Figure 9.13. Change in risk of mean European summer temperatures exceeding a threshold of 1.6°C above 1961 to 1990 mean temperatures, a threshold that was exceeded in 2003 but in no other year since the start of the instrumental record in 1851. (Top) Frequency histograms of the estimated likelihood of the risk (probability) of exceeding a 1.6°C threshold (relative to the 1961–1990 mean) in the 1990s in the presence (red curve) and absence (green curve) of anthropogenic change, expressed as an occurrence rate. (Bottom) Fraction of attributable risk (FAR). The vertical line indicates the ‘best estimate’ FAR, the mean risk attributable to anthropogenic factors averaged over the distribution. The alternation between grey and white bands indicates the deciles of the estimated FAR distribution. The shift from the green to the red distribution in (a) implies a FAR distribution with mean 0.75, corresponding to a four-fold increase in the risk of such an event (b). From Stott et al. (2004).

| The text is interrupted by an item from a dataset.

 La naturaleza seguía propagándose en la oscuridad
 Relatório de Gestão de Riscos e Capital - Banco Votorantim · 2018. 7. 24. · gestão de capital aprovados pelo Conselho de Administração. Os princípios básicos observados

This study considered only continental mean seasonally averaged temperatures. Consideration of shorter-term and smaller-scale heat waves will require higher resolution modelling and will need to take complexities such as land surface processes into account (Schär and Jendritzky, 2004). Also, Stott et al. (2004) assume no change in internal variability in the region they consider (which was the case in HadCM3 21st-century climate projections for summer mean temperatures in the region they consider), thereby ascribing the increase in risk only to an increase in mean temperatures (i.e., as shown in Box TS.5, Figure 1, which illustrates how a shift in the mean of a distribution can cause a large increase in the frequency of extremes). However, there is some evidence for a weak increase in European temperature variability in summer (and a decrease in winter) for the period 1961 to 2004 (Scherrer et al., 2005), which could contribute to an increase in the likelihood of extremes. Schär et al. (2004) show that the central European heat wave of 2003 could also be consistent with model-predicted increases in temperature variability due to soil moisture and vegetation feedbacks. In addition, multi-decadal scale variability, associated with basin-scale changes in the Atlantic Ocean related to the Meridional Overturning Circulation (MOC) could have contributed to changes in European summer temperatures (Sutton and Hodson, 2005), although Klein Tank et al. (2005) show evidence that patterns of change in European temperature variance in spring and summer are not consistent with patterns of change in temperature variance expected from natural variability. Meteorological aspects of the summer 2003 European heat wave are discussed in Box 3.6.